No one will pay attention if I teach before the final, so we’ll reserve the first two hours of class for the test and then the remaining time for Q&A and fun topics.

Due: Final Project (due the Sunday before class)

Course Grading

30% Assignments – completion-based, 5% each
15% Final Exam
5% Course Project Check-in – have code in a GitHub repo that imports your data, due at the beginning of session 5
50% Course Project – see below

Course Project

The final project requires students to apply the data science skills covered in the course (and optionally, beyond what’s covered) to real datasets.

A total of 55% of the course grade is related to the final project. The project must include data wrangling and the creation of a deliverable to explain the findings. Students may complete the project alone or in teams of two; however, groups of two will need to earn more points to score the same grade as an individual (more details in rubric).

Data

Teams must use at least two datasets in their project. The data used is at each team’s discretion, but I highly recommend selecting data from a domain in which your team has interest and/or expertise, as domain knowledge is an important aspect of using data science in industry – and it will make the project more enjoyable.

Some suggested data sets:

World economic data, such as this.
Something from the FiveThirtyEight website data or GitHub repo.
Anything else you can find on the internet, within reasonable ethical boundaries. It’s straightforward to find CSVs of baby names over time or an API to fetch NBA data. You could even scrape a website using Python (see packages like Scrapy and Beautiful Soup). Acquiring the data via an API or scraping will net you extra points, as those are beyond the scope of what we discussed in this course.

Grading Details

The first project-related grade is the Check-in, due for Session 5. You must show that you have a GitHub repo with code in it that imports your data and does some data wrangling – joining, filtering, cleaning, etc. This is worth 5% of your course grade, so take advantage of the easy points.
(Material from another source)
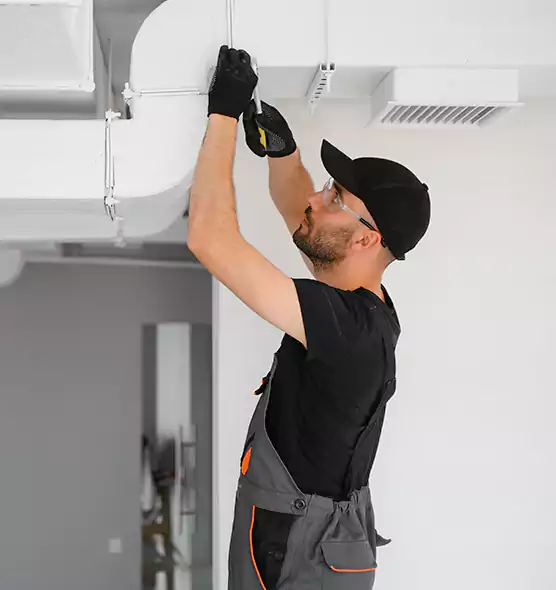 Advanced Office Ductwork Cleaning Services in Bell, CA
The other 50 percentage points come from your final submission, and are graded via the rubric. This rubric for a great deal of flexibility on your side. Points are earned by completing tasks from the list, with different tasks worth various point values based primarily on two things: the difficulty and how integral the task is to the data science workflow. Larger teams are expected to earn more points for an equivalent grade.